Rien de tout cela n'avait d'importance. La décision de l’Iran d’abandonner les Kurdes a été présentée aux États-Unis comme un fait accompli, un accord conclu. Le 6 mars, le Shah et Saddam ont annoncé l’accord d’Alger, qui prévoyait un échange de souveraineté partielle sur la voie navigable Chatt al-Arab, voie navigable stratégique le long de la frontière irano-irakienne, en échange de la non-ingérence mutuelle dans les affaires intérieures de chacun des signataires. Les Kurdes étaient condamnés. Le Shah a ordonné la fermeture de la frontière entre le Kurdistan irakien et l'Iran, jetant ainsi les Kurdes aux loups. La frontière étant fermée, les Américains et les Israéliens ont été incapables de fournir une assistance continue aux Kurdes. Le lendemain, les Irakiens ont alors libéré tout le poids de leur armée contre les Kurdes, forçant des milliers de civils à fuir en Iran. Les officiers de la CIA et les forces spéciales israéliennes qui avaient aidé leurs alliés kurdes à combattre les Irakiens étaient stupéfaits. Il en était de même pour Kissinger, qui avait passé près de trois ans à travailler sans relâche pour donner aux Kurdes une chance de se battre. Il n'y avait rien qui aurait pu être fait pour empêcher le massacre. L'Iran étant maintenant fermé, il n'y avait plus aucune possibilité de continuer à fournir l'assistance américaine. Les forces de Saddam ont envahi le Kurdistan irakien, rasé 1400 villages, emprisonné des milliers de partisans de Barzani et imposé leur règne à la région.
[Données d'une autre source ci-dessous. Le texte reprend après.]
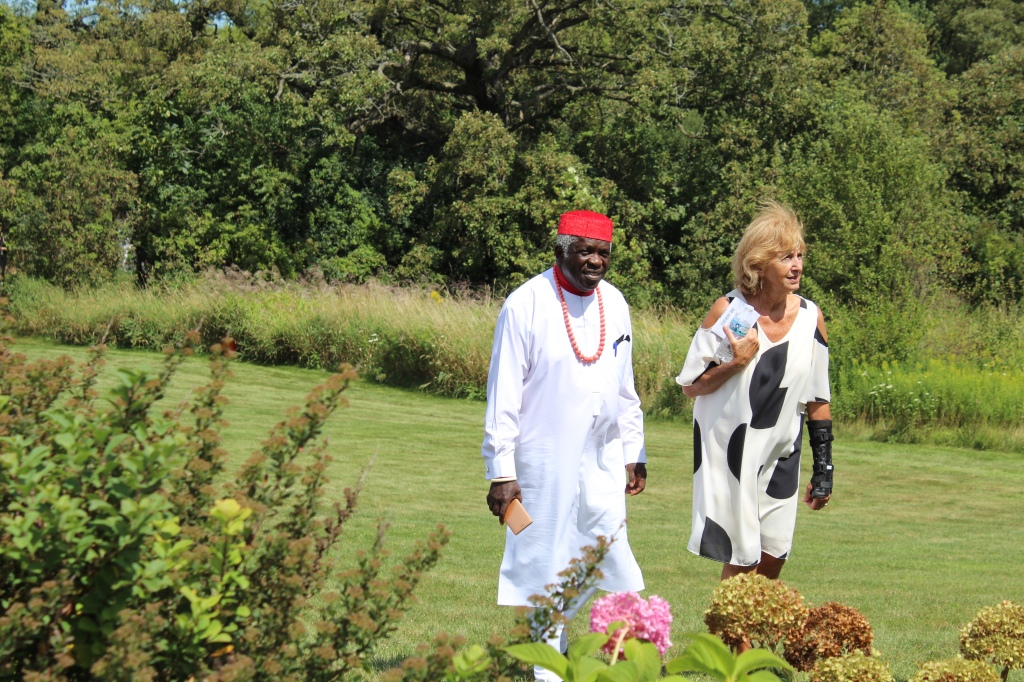 The bride’s father, a Nigerian in traditional Igbo garb, walking in a meadow with the groom’s aunt, a white woman in a black and white dress. 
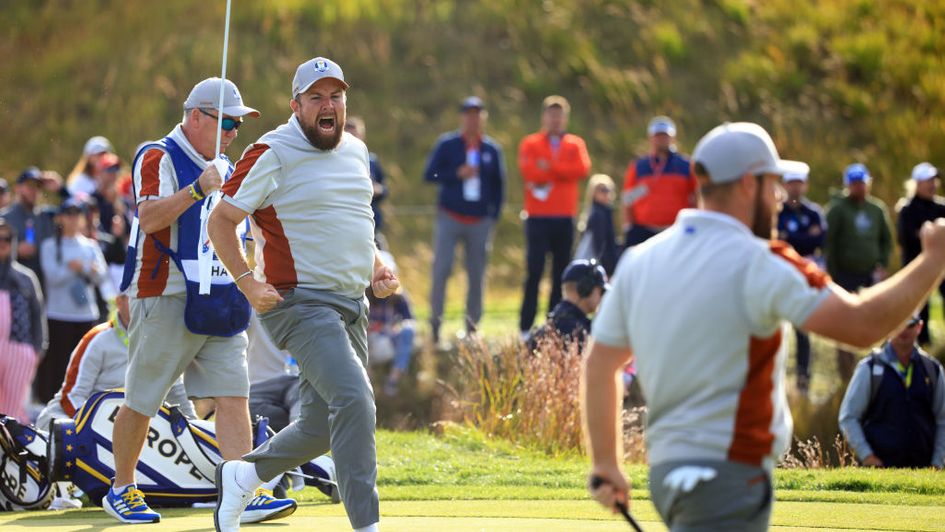 Shane Lowry celebrates as Europe claim a precious point
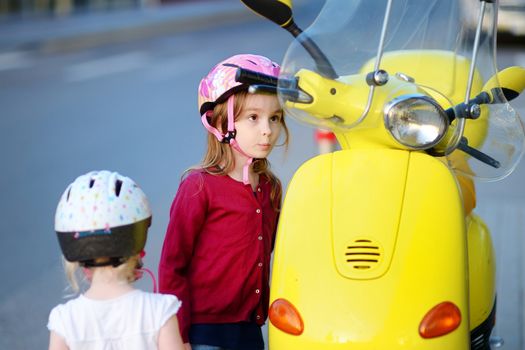 Two very curious little girls and a motorcycle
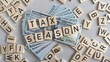 © Svitlana - wooden cube Tax season with dollar money. Tax day concept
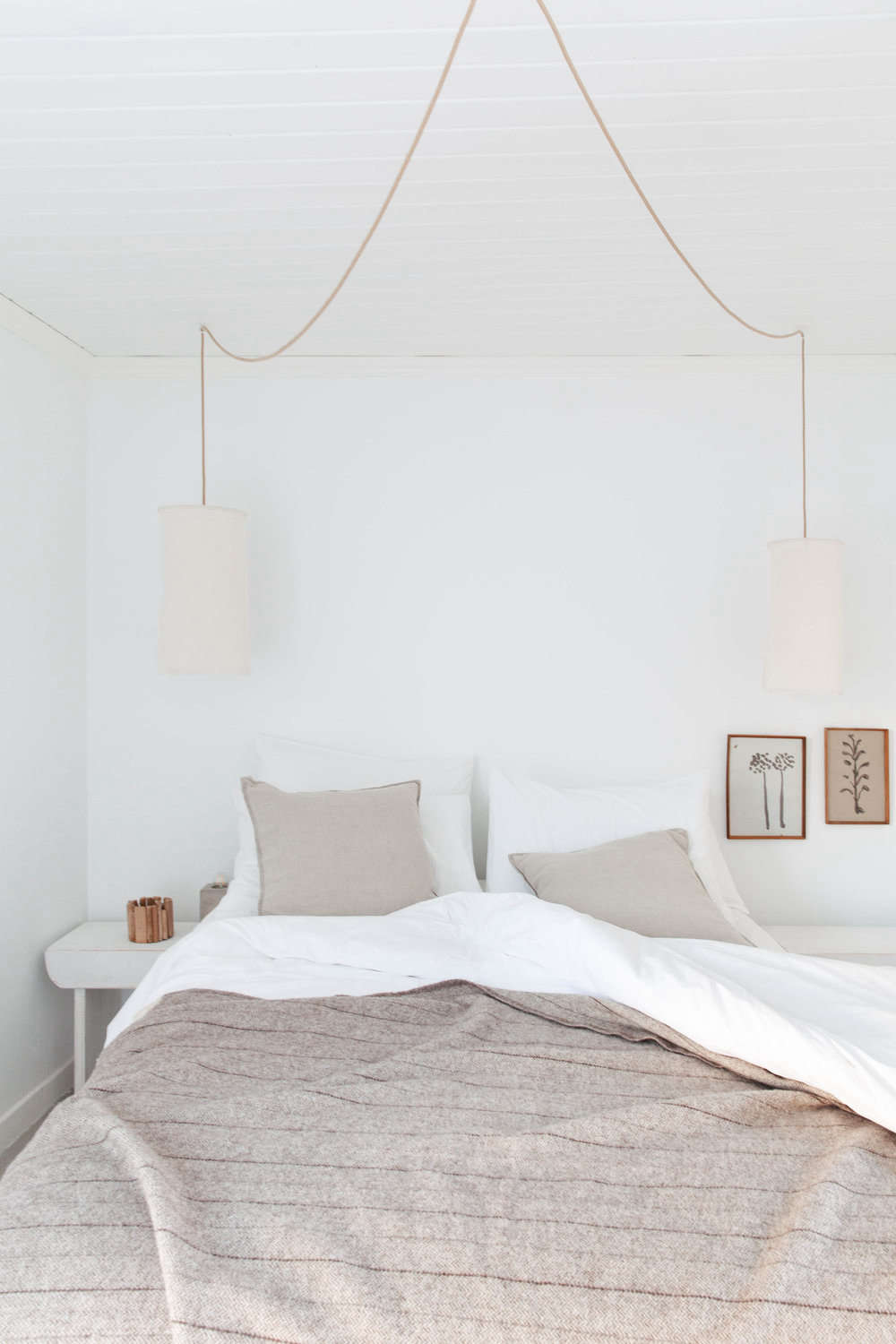 Guest rooms are kept neutral, too, with pressed-flower prints and thick blankets.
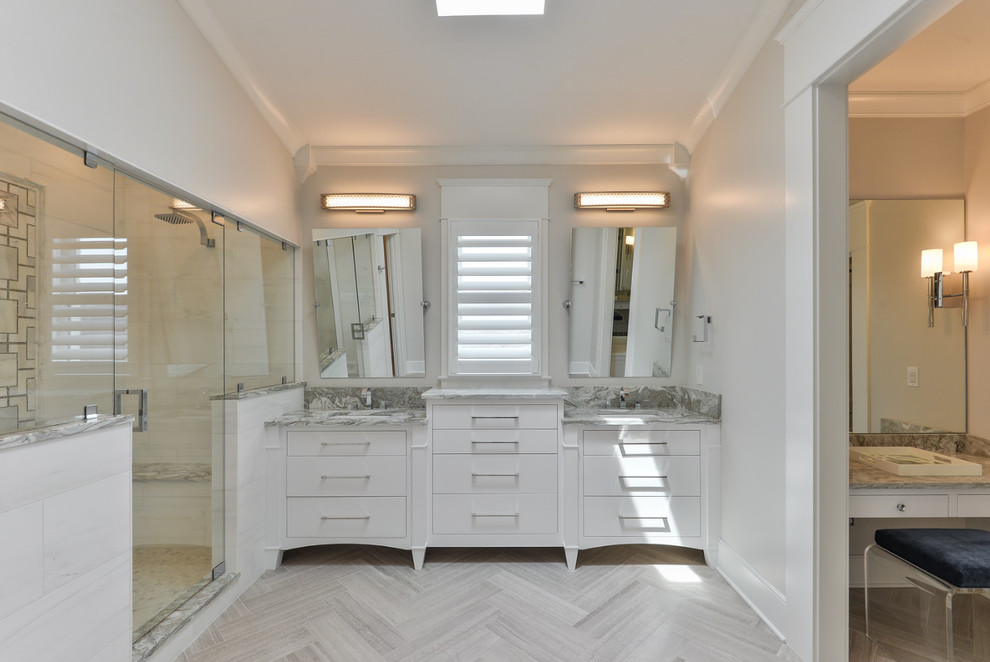 Réalisation d'une salle de bain principale tradition de taille moyenne avec un placard à porte plane, des portes de placard blanches, une baignoire indépendante, une douche d'angle, un carrelage gris, un carrelage blanc, des dalles de pierre, un mur blanc, un sol en vinyl, un lavabo encastré et un plan de toilette en marbre.
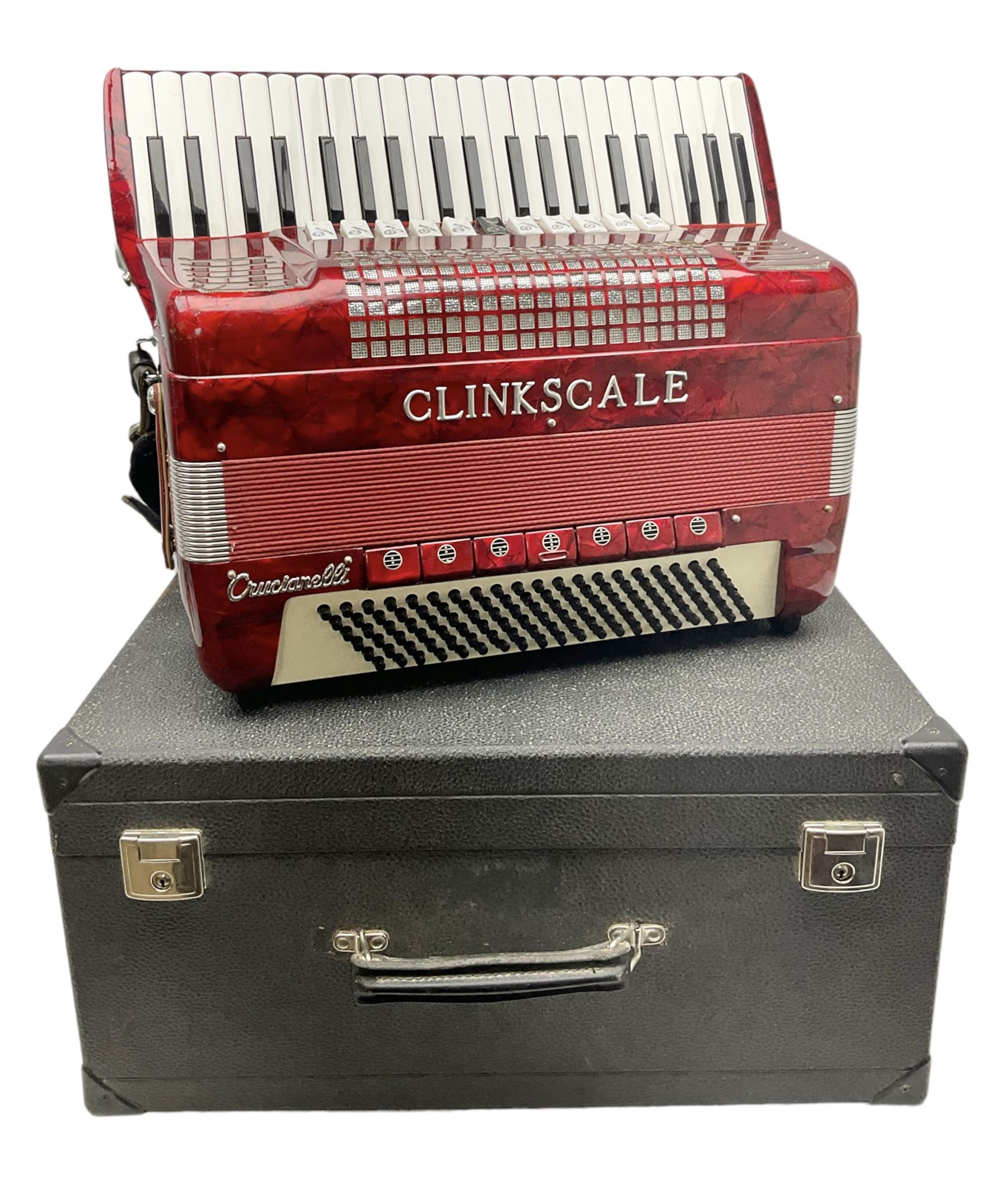Clinkscale Crucianelli piano accordion in red pearline case with one-hundred and twenty buttons and forty-one keys L52cm; in carrying case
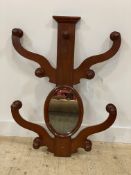 A Victorian mahogany wall mounted hat and coat stand with twin scrolling arms to each side and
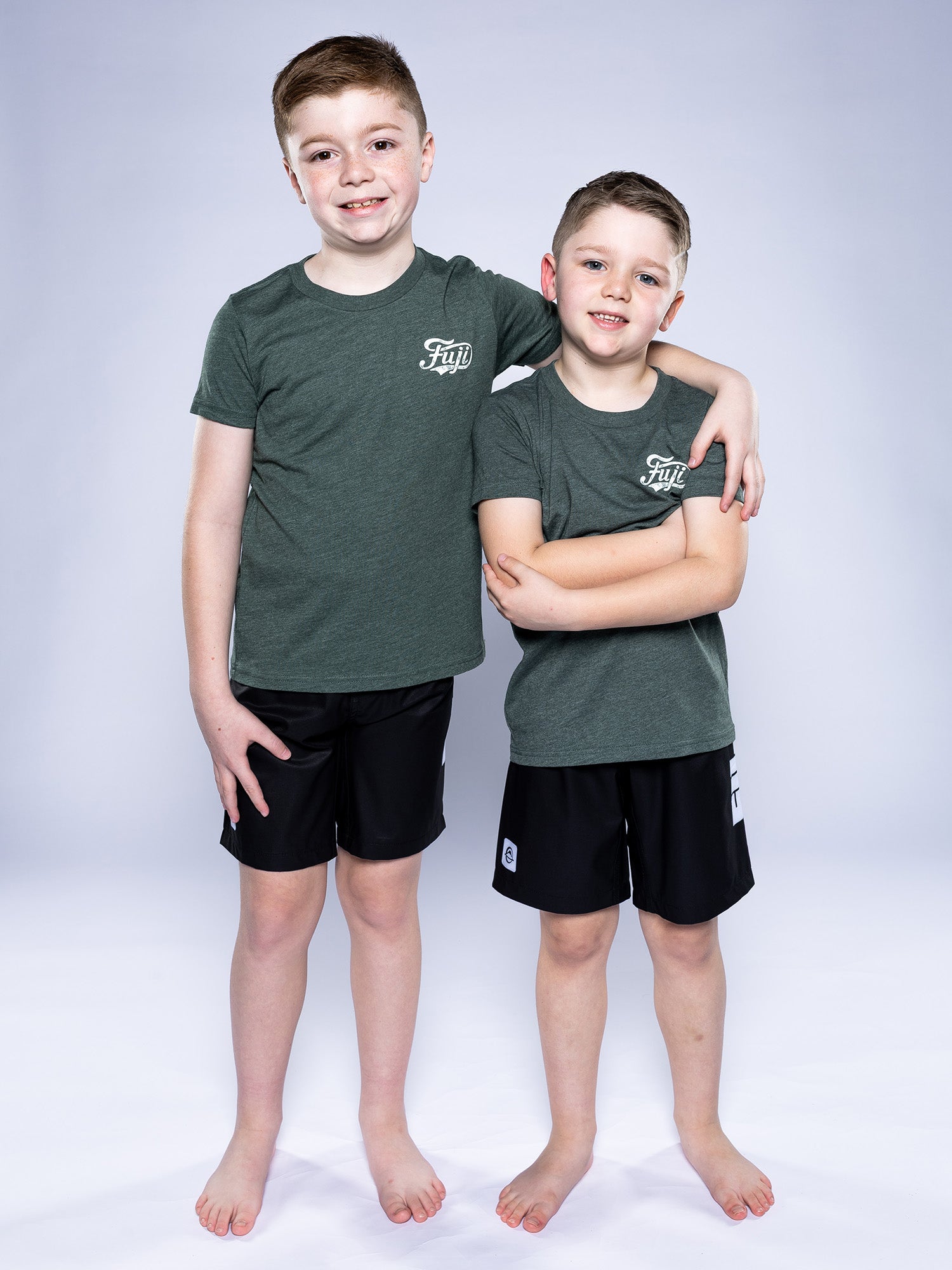 Two boys stand barefoot on a white backdrop, smiling. The older has his arm around the younger. Both wear matching Kids Jiu Jitsu Flow T-Shirts in green with white logos and black shorts.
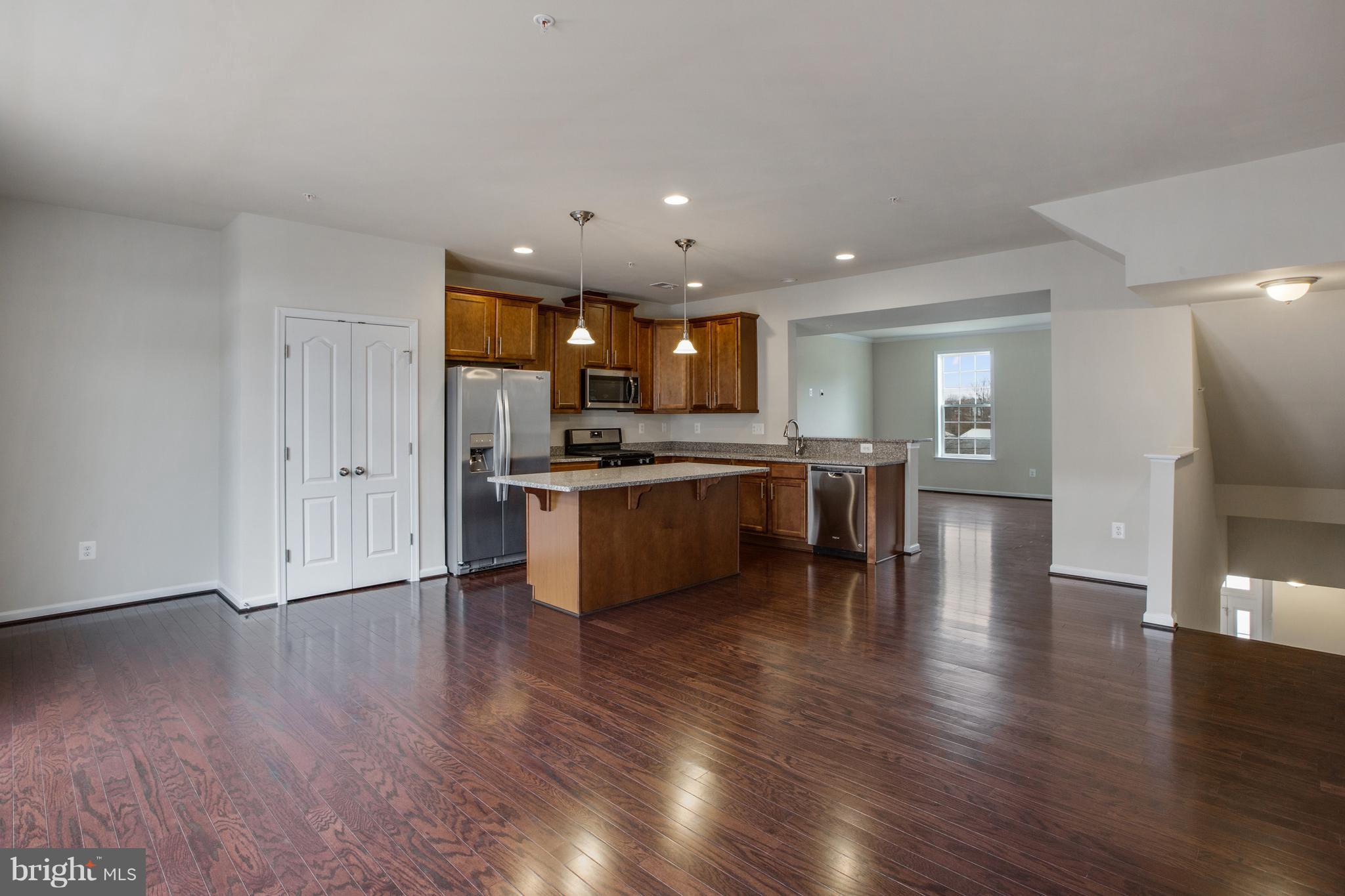 7873 Wormans Mill Road Frederick, MD 21701 - Photo 7 of 30 a view of kitchen with cabinets and wooden floor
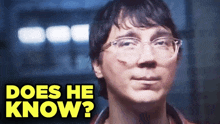 a close up of a man with glasses and the words does he know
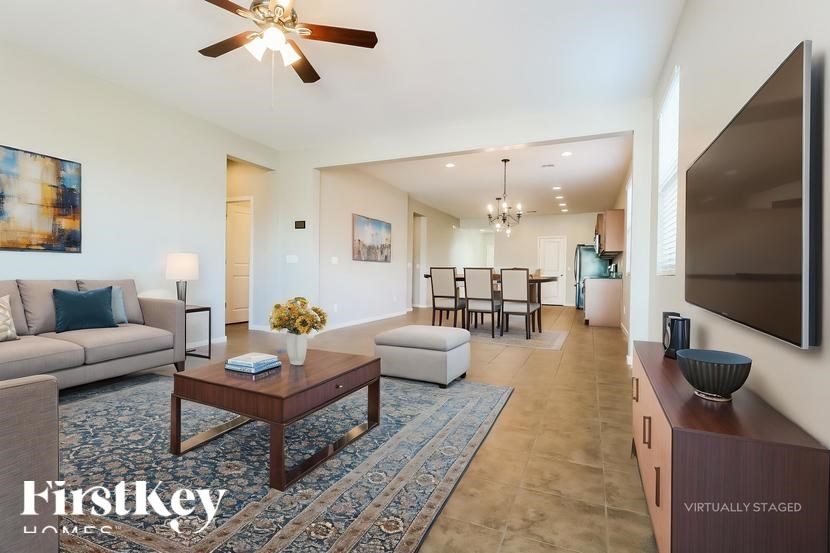 A living room with a couch, a coffee table, and a television.
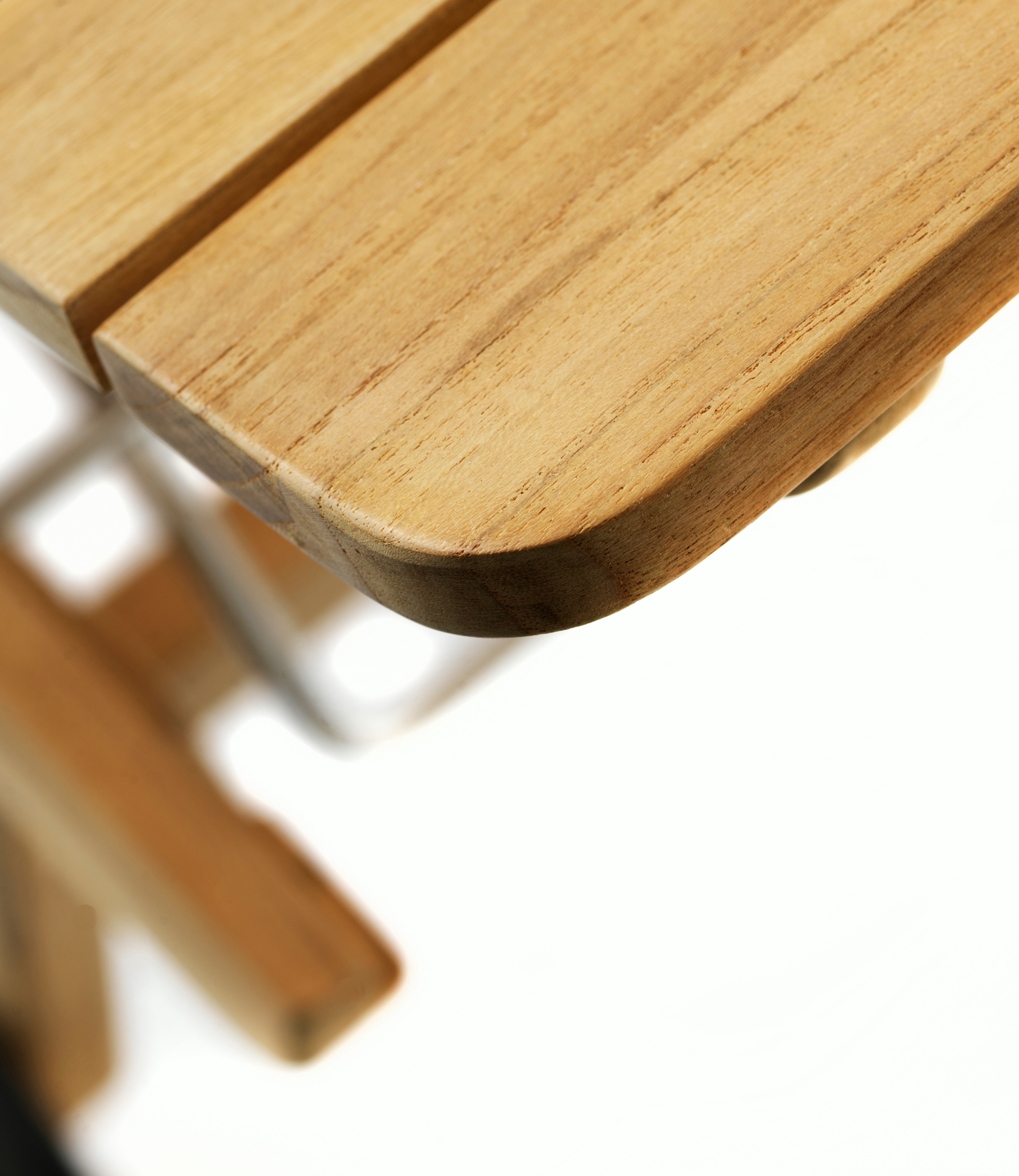 A detailed look at a Sammen Outdoor Bench in Sammen Outdoor Chaise - Natural Teak.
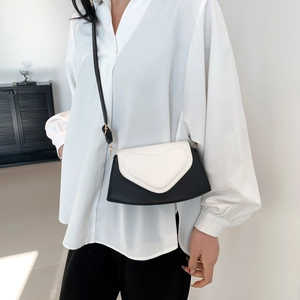 Chic black and white contrast crossbody bag with heart detail and chain strap for women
Cette fin tragique de l'intervention américaine en faveur des Kurdes marque le début d'une relation de va-et-vient entre les États-Unis et les Kurdes qui existe encore aujourd'hui. Des milliers de Kurdes d'Irak ont ​​perdu la vie après que les États-Unis, l'Iran et Israël eurent annulé leur soutien en 1975. Dans les années 1980, Kurdes et États-Unis se sont trouvés dans des camps opposés lors de la guerre Iran-Irak alors que Saddam Hussein utilisait des armes chimiques contre l’Iran et les Kurdes ce qui a conduit à un massacre généralisé au Kurdistan irakien. La situation se retourna au début des années 90. Après l’invasion du Koweït par l’Iraq en 1990, les États-Unis ont exhorté les Kurdes à se révolter contre le gouvernement de Saddam, uniquement pour le compte de George H.W. Mais l’administration Bush a dû les abandonner au moment où ils avaient le plus besoin de son aide. En avril 1991, la Maison Blanche a pris conscience de son erreur et a mis en œuvre l'opération Provide Comfort, qui a créé une zone d'exclusion aérienne dans le nord de l'Irak et a permis aux Kurdes d'Irak de vivre enfin en paix. En 1992, les Kurdes irakiens ont mis en place un gouvernement régional autonome au Kurdistan, qui est devenu un allié indispensable des États-Unis pendant la guerre en Irak et la guerre contre l'État islamique.

Il semblait que les États-Unis avaient finalement réparé le tort qu'ils avaient infligé en 1975 - jusqu'à maintenant. Mais même cette dernière trahison ne devrait pas être une surprise. C’est tout à fait conforme aux intérêts des États-Unis envers les Kurdes que ce que les Américains décrivaient en privé depuis le tout début.

Bryan R. Gibson est professeur assistant d’histoire à la Hawai’i Pacific University. Il est l'auteur de «Sold Out? US Foreign Policy, Iraq, the Kurds, and the Cold War».